There is hardly any serious entrepreneur or business owner who has not spared a thought for the health of their brand – if it is running optimally and growing or inefficient and dying. If it is the former, then it is advisable to keep on doing what you’re doing, but if the latter is the case, then it is about time you sit back and re-evaluate your business.
To help with a quick evaluation, here are seven (7) things to consider when searching for answers to the critical question: are you running a dying brand?
There’s turnover in team, vendors, and investors: This is a no-brainer, no one wants to stay put or even associate with any company or brand that is perceived as not growing. There are few things to look out for – an exit of several team members all at once, exit of key team members (especially foundation team members who share the dream and ideals of the company), investors, and vendors.
This is a signal that something isn’t right. It just might be the time to look deeper into your internal processes or task your Human Resource personnel to speak to team members on what the company needs to do better to prevent further drain.
Less and less engagement on social media: If your brand is active and consistent on social media, then it is expected that your followers and engagement continue to increase with time. Stagnancy or a lack of growth on diverse social metrics is a sure signal to look inwards. If your followers do not see any need to engage and interact with your brand virtually, then you might just need a change of strategy or direction.
Some form of perception management strategy may just be what you need to figure out your next line of action.
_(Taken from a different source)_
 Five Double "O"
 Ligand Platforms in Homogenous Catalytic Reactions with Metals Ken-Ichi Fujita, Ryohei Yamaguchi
Brand s like Hans and Rene have built a highly engaged social media community and drives conversations amongst its fans. If at any point the engagement begins to dwindle, they need to do an audit quickly.
Demands for discounts/value-adds: Contrary to widely held opinion that clients and customers always ask for discount, it has been proven many times over that people will pay a premium if they are sure of getting commensurate value. It’s a sign of a declining brand when clients who hitherto will pay face value for your products or services now begin to ask for discounts and value-adds (and are actually willing to shop for alternatives if they don’t get it from you).
If this keeps happening more often than necessary then this may be the time to rush the brand into the ER to be resuscitated.
When your earned media begins to deplete: Every brand should take on a life of its own after being sufficiently tended by its minders. Clients, investors, vendors, the media, and other stakeholders should know what to expect from it at any given time. When these entities develop an apathy towards it, and the media doesn’t consider the brand a newsmaker anymore then it is time to ring the alarm.
Journalists are in love with brands that drive buzz and excitement, and they are often willing to amplify such brands free of charge if it guarantees eyeballs for their platform. But if they don’t see the drive in you, then you’re likely to be left in the lurch. For a brand that needs engagement and top-of-mind awareness to thrive, that is not where you want to be. The only way out of this is to find innovative ways to drive buzz so as to attract the interest of the media.
The need for a brand refresh: How fresh is your brand? Before you answer this, just take a second to ask yourself ‘when was the last time your brand did something new?’ If your answer is “over 18 months ago”, then I am sorry to tell you that you are running a dying brand.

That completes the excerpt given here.